Basically, I am trying to prove an equality involving skewness of summation of random indepdent variables. However, I am stuck with the part after expressing sum of cube to $E[X^3] - 3E[X^2]\mu +2\mu^3$. I tried to solve using similar techniques for solving variances but now I am lost.

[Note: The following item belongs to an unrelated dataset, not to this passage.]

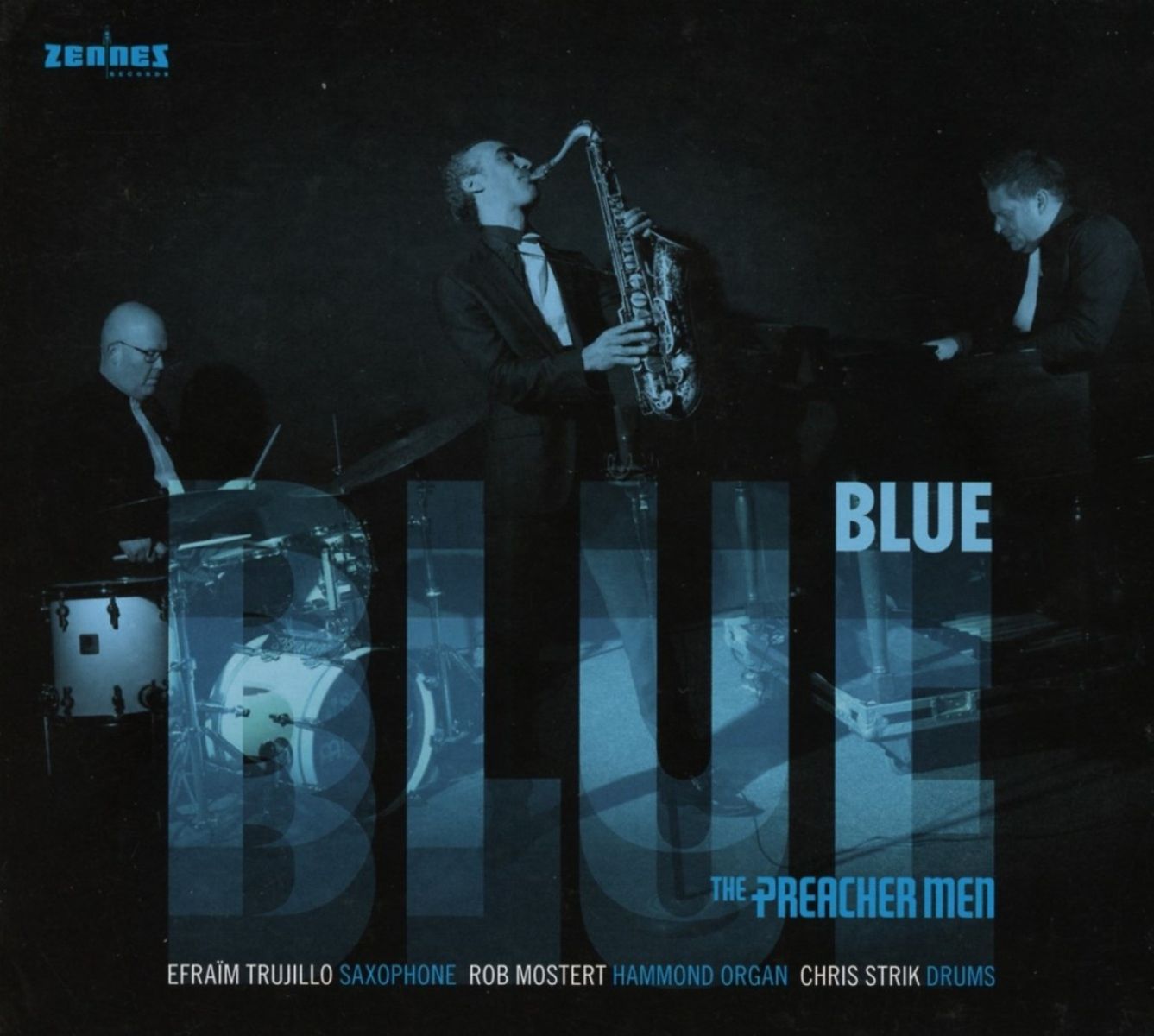 Afbeelding van Blue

And I could not find any helpful clue or proof.
Given setting is as the following:
When $X = x_1 + x_2 + ... + x_n$, how to compute $E[X^3]$?
Also, how to express $E[X^3]$ using triple summations with $i, j, k = 1, 2, ... , n$ when $i, j, \& k$ may (or may not - possibly in both cases) equivalent?
Many thanks in advance.
$$\begin{align}\mathsf E(X^3) ~=~& \mathsf E({\sum}_{i,j,k} X_iX_jX_k) \\[1ex]~=~& {\sum}_i\mathsf E(X_i^3)+3{\sum}_{(i,j,k): i=j , j\neq k}\mathsf E(X_i^2X_k)+{\sum}_{(i,j,k):i\neq j,j\neq k,k\neq i}\mathsf E(X_iX_jX_k)\\[1ex]~=~& n\,\mathsf E(X_i^3)+3\,n\,(n-1)\,\mathsf E(X_i^2X_k)+n\,(n-1)\,(n-2)\,\mathsf E(X_iX_jX_k)\end{align}$$
Assuming these are independent and identically distributed random variables.
$$\begin{align}\mathsf E(X^3) ~=~& n\,\mathsf E(X_i^3)+3\,n\,(n-1)\,\mathsf E(X_i^2)\,\mathsf E(X_i)+n\,(n-1)\,(n-2)\,\mathsf E(X_i)^3\end{align}$$